» **TASK TO COMPLETE**: An image-free reproduction of the data below is needed: print it exactly.

── MATERIAL PROVIDED ──

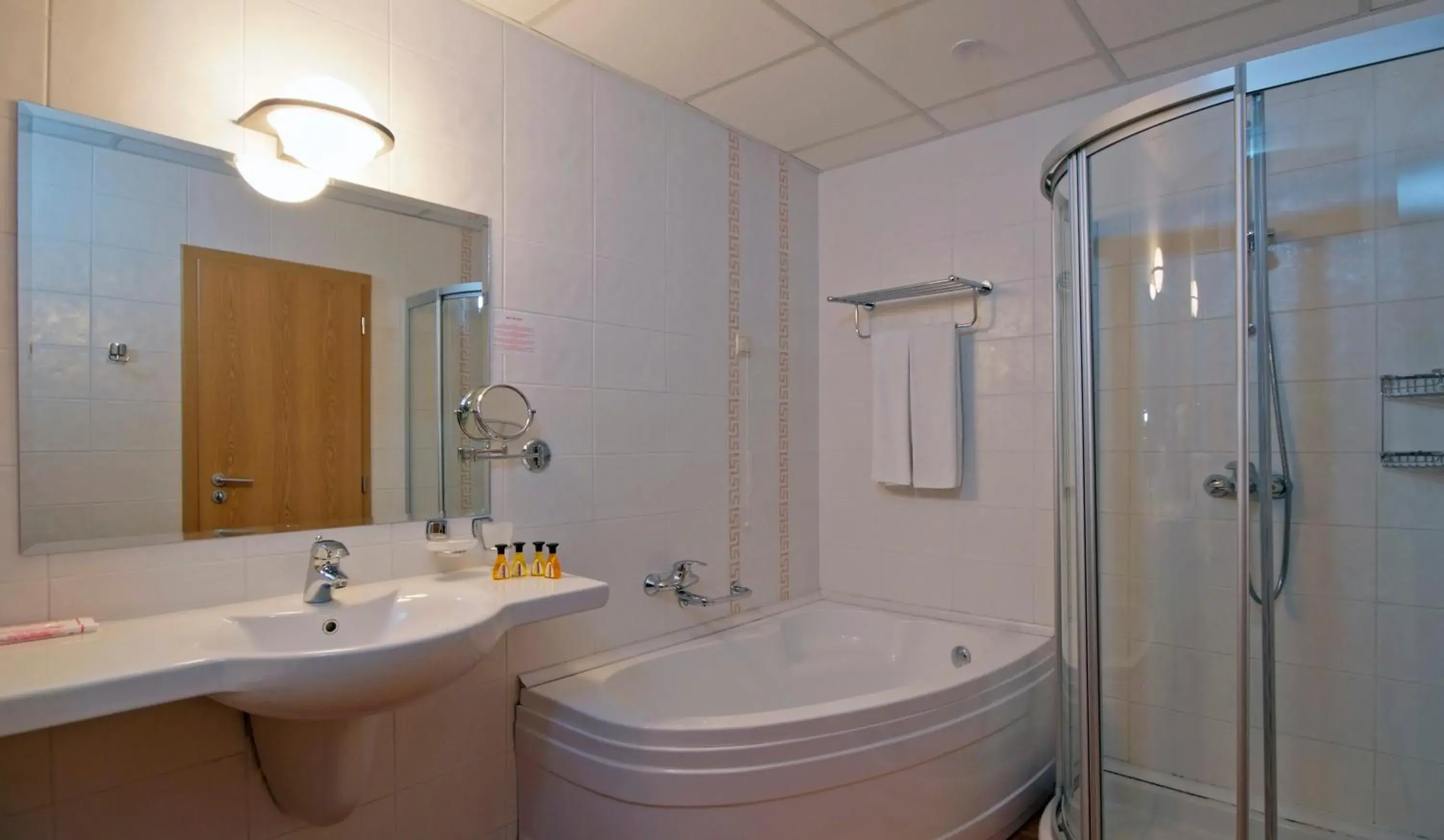 Bathroom in Sol Nessebar Palace All Inclusive Bathroom in Sol Nessebar Palace All Inclusive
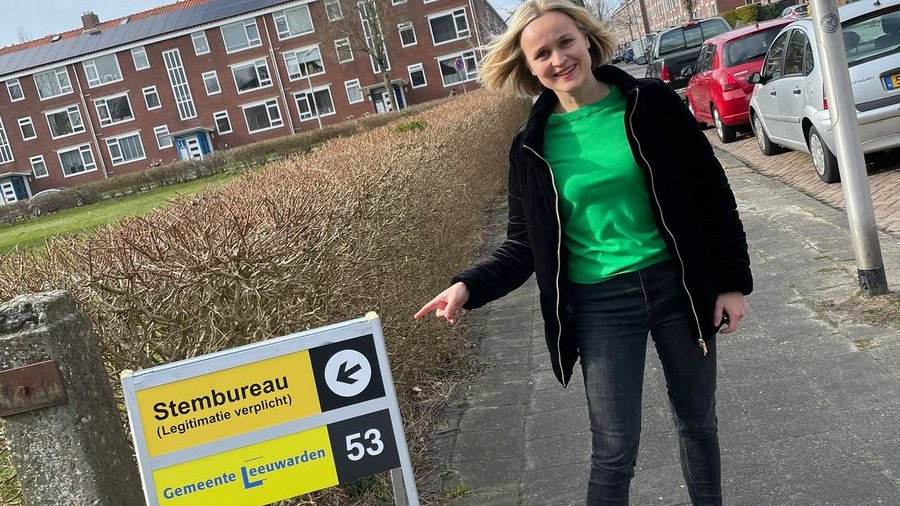 D66's tweet photo. Nog 5️⃣ uur! Dan sluiten de stembussen. Vergeet niet om straks nog even langs het stembureau te lopen. 
#stemD66 #GR2022 https://t.co/I9yhRZbRfg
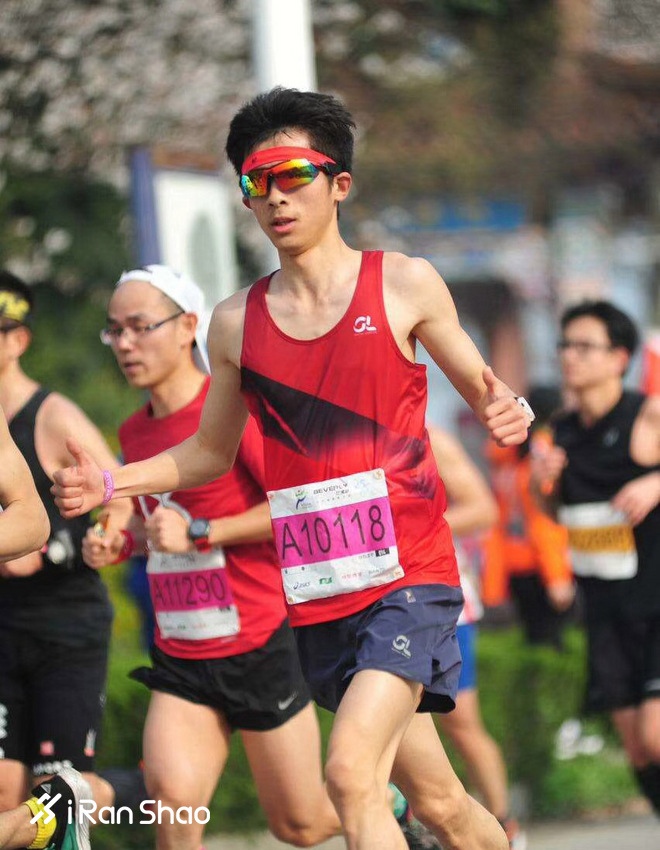 热点 | 我们和爱燃烧员工聊了聊，为了跑马拉松，他们一年花了多少钱？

───

» **TASK OUTPUT**:
 Bathroom in Sol Nessebar Palace All Inclusive Bathroom in Sol Nessebar Palace All Inclusive
 D66's tweet photo. Nog 5️⃣ uur! Dan sluiten de stembussen. Vergeet niet om straks nog even langs het stembureau te lopen. 
#stemD66 #GR2022 https://t.co/I9yhRZbRfg
 热点 | 我们和爱燃烧员工聊了聊，为了跑马拉松，他们一年花了多少钱？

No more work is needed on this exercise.